Uno de los jóvenes, un chico, que se ha sumergido hace un rato en el mar, sale a la orilla hacia el grupo, con las manos en cuenco lleno de agua, y quizás algún resto de polvo de estrella, que rocía con complacencia sobre la cabeza de una de las chicas que permanece sentada. No me extraña que aquel gesto fuera un rito de iniciación, de invitación a la fiesta de la inmersión, pues ambos se sumergen seguidamente en el mar. Les siguen los demás. Dentro del liquido elemento se sienten ingrávidos en la levedad de sus cuerpos que se deslizan entrelazados en el agua que no es sólo agua, es un medio vital que a fuerza de envolverse en él encuentran primigenio, cálido, y que invita al juego, a la fantasía, a la imaginación, a la seducción, a la figuración, a la plástica de anhelados cuerpos esplendorosos, sensuales... deslizándose por entre las doradas y suaves olas, disfrutando de la proximidad y del roce.
Entonces recordé un verano en el mismo lugar y en la misma playa. Tendría diecisiete años. Tiempos convulsos para mí en los que el mar había perdido ese halo filosófico de referente de la eternidad que había sentido desde pequeñito. A esa edad el mar ya no era sino un fin en sí mismo; algo muy local, un medio donde zambullirme para conseguir la felicidad más inmediata, que no era otra que la de nadar entre los cuerpos de las jovencísimas extranjeras, flotando en el agua próximo a ellas, comprobando muy de cerca sus provocativas formas, la sensualidad de sus caderas y de sus piernas, deslizándose como sirenas por entre las olas... Ahora son ellos; ¡cómo les envido!; envidio sus quimeras, su idealismo, su imaginación, su fantasía, su ofuscación, su confusión, su seducción, su ceguedad...

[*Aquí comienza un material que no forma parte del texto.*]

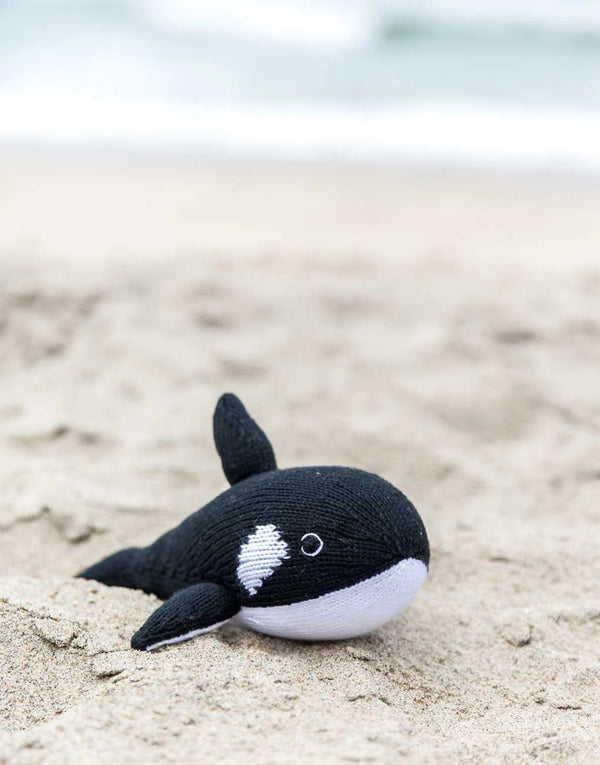 Orca Stuffed Animal - DIGS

La tarde va cerrándose con un sol atenuado, acentuando su luz sobre un fondo cada vez más gris que llega lo más oblicua hasta la misma orilla adonde han salido de nuevo los cuatro, quedando sentados en línea de formación mirando al mar como las gaviotas. Mientras el sol no se apague continuará el juego. Ahora retan las fuerzas de sus brazos lanzando piedras sobre la superficie del agua --impregnada desde el horizonte hasta la playa de una vasta lámina de oro en la que se han fusionado los infinitos puntos brillantes-- lo más lejos posible. Insisten en su esfuerzo muscular, jactándose cada vez que baten sus marcas. Y este juego remueve mis recuerdos de aquel sitio, en el que rememoro siendo apenas un niño hacer botar afinadamente, y hasta muy lejos, las piedras sobre la superficie del agua del mar, como si estas profirieran agigantados saltos, al principio más largos hasta ir decayendo, menos espaciados y más cortos, para al final hundirse, desprovistas de toda fuerza, en el mar. Los guijarros que recogíamos de la propia playa debían de ser muy planos, y lanzarse con mucha fuerza en una trayectoria lo más tangente posible a la superficie liquida, a poder ser con el mar casi en calma, como lo estaba ahora; así me habían enseñado mis amigos nativos del lugar, los que nos retaban. Y ahora aquellos jóvenes estaban allí, jugando a lo mismo: ese impulso inconsciente e irreprimible de lanzar piedras al mar... pero aquellas piedras ya no serán sólo piedras grises, mates, sin brillo... ahora cuando el mar las devuelva a la orilla tendrán un extraño brillo dorado inexplicable... ¡Ah!, aquellos juegos... Ahora hace años que apenas juego. A decir verdad hace mucho tiempo que no juego a nada... Si me atreviera a bajar les retaría en el lanzamiento.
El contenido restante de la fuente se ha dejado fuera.